> [EXERCISE REQUIREMENTS]:
An exact copy of all the data below is needed, without its pictures.
*** Opening of DATA SECTION ***
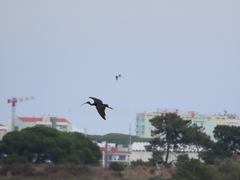 Plegadis falcinellus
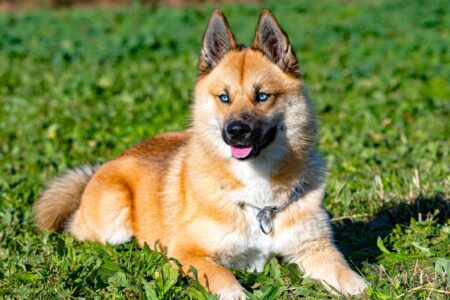 Un Pomsky Pomsky (Pomeranian & Husky Mix) Info, Pictures & Facts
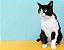 Quadro Decorativo Gatos 2114 - Imagem 1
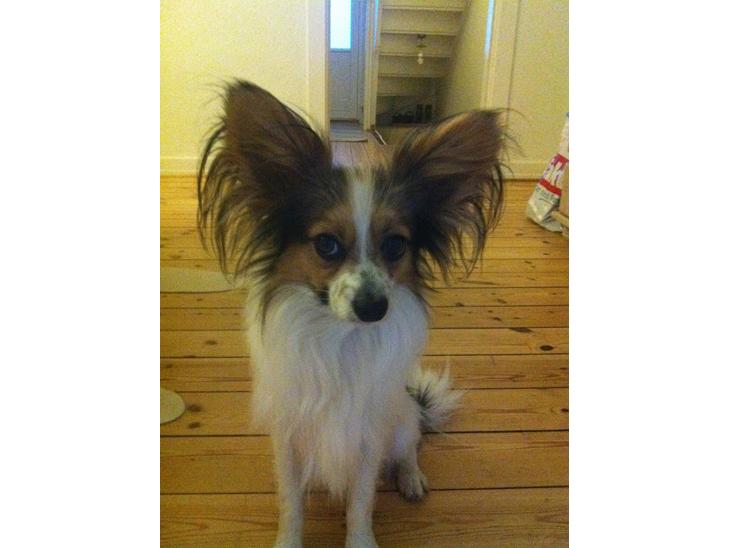 {{currentPhoto.altText}} billede {{currentPhoto.number}}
*** Close of DATA SECTION ***
> [EXPECTED ANSWER]:
 Plegadis falcinellus
 Un Pomsky Pomsky (Pomeranian & Husky Mix) Info, Pictures & Facts
 Quadro Decorativo Gatos 2114 - Imagem 1
 {{currentPhoto.altText}} billede {{currentPhoto.number}}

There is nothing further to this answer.